Robust Methods for Estimating the Intraclass Correlation Coefficient and for Analyzing Recurrent Event Data
AbstractRobust statistics have emerged as a family of theories and techniques for estimating parameters of a model while dealing with deviations from idealized assumptions. Examples of deviations include misspecification of parametric assumptions or missing data; while there are others, these two deviations are the focus of this work. When unaccounted for, naive analysis with existing techniques may lead to biased estimators and/or undercovered confidence intervals.

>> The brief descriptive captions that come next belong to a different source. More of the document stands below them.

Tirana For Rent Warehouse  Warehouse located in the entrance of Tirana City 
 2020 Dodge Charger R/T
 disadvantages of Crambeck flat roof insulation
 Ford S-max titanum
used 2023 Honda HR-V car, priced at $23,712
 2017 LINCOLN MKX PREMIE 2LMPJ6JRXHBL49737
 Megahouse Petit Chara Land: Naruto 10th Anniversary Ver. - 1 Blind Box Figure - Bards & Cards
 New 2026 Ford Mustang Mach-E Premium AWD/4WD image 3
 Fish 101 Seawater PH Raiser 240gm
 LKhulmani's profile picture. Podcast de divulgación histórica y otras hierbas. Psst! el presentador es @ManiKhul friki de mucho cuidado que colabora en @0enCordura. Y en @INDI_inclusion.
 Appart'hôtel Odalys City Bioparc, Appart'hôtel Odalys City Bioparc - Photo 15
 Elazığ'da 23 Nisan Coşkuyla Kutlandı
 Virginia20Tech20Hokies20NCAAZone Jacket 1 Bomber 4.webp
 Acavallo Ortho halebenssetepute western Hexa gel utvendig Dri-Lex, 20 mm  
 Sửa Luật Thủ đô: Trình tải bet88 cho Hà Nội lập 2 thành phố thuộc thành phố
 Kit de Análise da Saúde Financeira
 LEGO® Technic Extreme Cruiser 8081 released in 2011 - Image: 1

At the same time, research poured into clustered/correlated data is extensive and a large body of methods have been developed. Many works have already connected topics within robust statistics and correlated data, but a plethora of open problems remain. This dissertation investigates a few of these open problems.
Chapter 1 combines second-order generalized estimating equations (GEE2), inverse probability weighting (IPW), and semiparametric theory in order to estimate the intraclass correlation coefficient (ICC) in the presence of informative missing data.
Chapter 2 approaches linear models with correlated outcomes from the mixed models (MM) perspective instead of GEE. In addition to the estimation of 2nd moments, this framework also allows estimation of the skewness and kurtosis of the distributions of the random effects/subject-specific error terms and tests for normality in both the random effects and the error terms.
Chapter 3 addresses analytical challenges in the unique structure of "evolving clustered randomized trials'' in HIV prevention trials. In evolving CRTs, subjects are socially/sexually linked to an index partner, provided intervention based on the randomized arm this index partner is assigned to, and followed until HIV infection occurs or the end of study. We view phylogenetically-linked partners over time as recurrent events to the index and assess the intervention effect through the use of recurrent event analysis. However, subjects may refuse to participate or drop-out, leading to a statistical problem of potentially informative missing and/or censored events in a recurrent event process. We address this issue with embedding IPW within the recurrent event estimating equations.